Ainsi Gagosian, loin de l’aperçu parfois flashy de son écurie, consacre-t-il son stand aux céramiques minimalistes d’Edmund de Waal, artiste et auteur du Lièvre aux yeux d’ambre, et aux œuvres épurées de Theaster Gates. Dans un tout autre genre, Capitain Petzel dédie un white cube à une seule œuvre féministe d’Andrea Bowers, un néon récent baptisé Fight Like a Girl.
Sur son stand plus historique, Waddington Custot fait dialoguer Barry Flanagan, vedette cette année du secteur Estates de la foire, avec Serge Poliakoff, Sam Szafran, un beau Max Ernst de 1931 (à environ 700 000 francs suisses) ou une étonnante noix géante en terre cuite de Tapiès (pour 250 000 francs). « L’une des forces d’artgenève est d’avoir su réussir à composer ce "collage" de différentes périodes, d’œuvres aussi différentes, dans une même allée ou un périmètre de 50 mètres », résume Thomas Hug, fondateur et directeur du salon.

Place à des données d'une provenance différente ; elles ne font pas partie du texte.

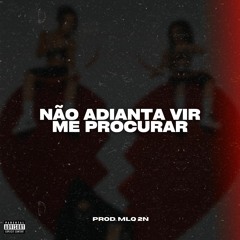 KAYBLACK - MELHOR SÓ (VERSÃO FUNK) [ PROD. MLQ 2N ]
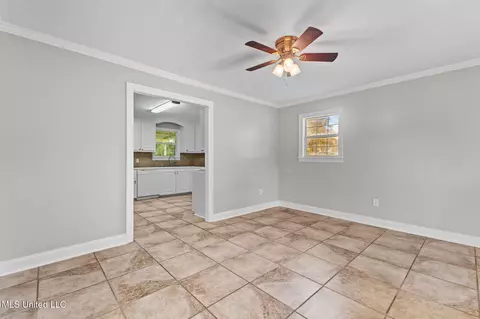 Other - 715 Nobles Rd, Sumrall, MS 39482 photo 5 of 10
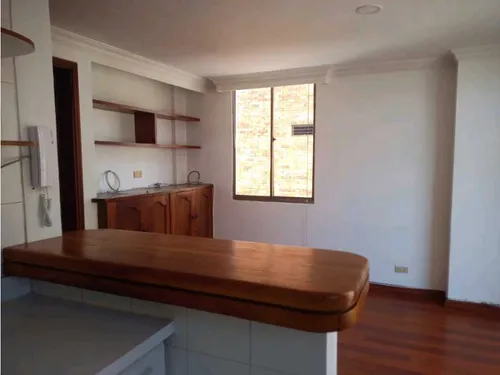 Arriendo Apartaestudio Palermo Manizales | Arriendos En Manizales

Parmi les stands les plus curatés figure indéniablement celui de la galerie parisienne Le Minotaure, dédiée aux avant-gardes. Une vraie démarche muséale a animé Benoit Sapiro, le directeur de l’enseigne, autour de la figure étonnante de la baronne d’Oettingen, mécène, artiste sous le nom de François Angiboult et aussi poète. « Une partie de la succession Serge Férat sert de socle à cette exposition qui intègre aussi des marionnettes de Marie Vassilieff achetées voici trente ans », précise Benoît Sapiro. Ces marionnettes réalisées à partir des années 1920 constituent l’un des points forts du stand. Tout comme certaines œuvres d’artistes gravitant autour de son cercle, dont un superbe autoportrait cubiste de Vladimir Baronoff-Rossiné de 1913 (à 300 000 euros), Talamus, une huile de Picabia de 1938 à la palette étonnamment contemporaine (390 000 euros), ou encore un patchwork textile de la baronne elle-même pour 70 000 euros. Le tout « incarne le passage historique des artistes de la Butte Montmartre et du Bateau-Lavoir à Montparnasse, transition vers l’art moderne », résume Benoit Sapiro.
Si la foire n’aligne pas forcément les plus grosses œuvres des artistes blue-chip, c’est finalement tant mieux pour les visiteurs qui peuvent les trouver sur d’autres salons et notamment à Art Basel, avec qui elle tisse indirectement des liens. Les exposants de Bâle retrouvent leurs clients à artgenève, où ils se décident souvent à acheter ! Les galeristes compensent en tout cas en présentant nombre de jeunes artistes sur leur stand, l’une des tendances de cette édition. « Une galerie établie se doit aussi de se renouveler. Il faut montrer qu’on avance », confie l’un des directeurs de la galerie suisse Eva Presenhuber. Outre Ugo Rondinone, à l’affiche du Musée d’art et d’histoire de Genève mais aussi du Grand Théâtre de la Ville où en avril il présentera ses scénographies, l’enseigne montre Louisa Gagliardi et ses œuvres réalisées par impression, ou les petits portraits de Sofia Mitsola. Revenue l’an dernier après une longue absence, Semiose a cédé le grand chien fluo d’Oli Epp accroché dans l’allée à une collection publique d’Europe de l’Est, ainsi qu’un grand tableau de Xie Lei représentant un homme en train de couler. Quant à la 193 Gallery, elle expose entre autres les œuvres cosmiques du Chilien Javier Toro Blum (8 000 à 12 000 euros H.T.). À un rythme suisse, les transactions commençaient à se multiplier en fin d’après-midi le 25 janvier.
Artgenève, 26-29 janvier 2023, Palexpo, Genève, Suisse.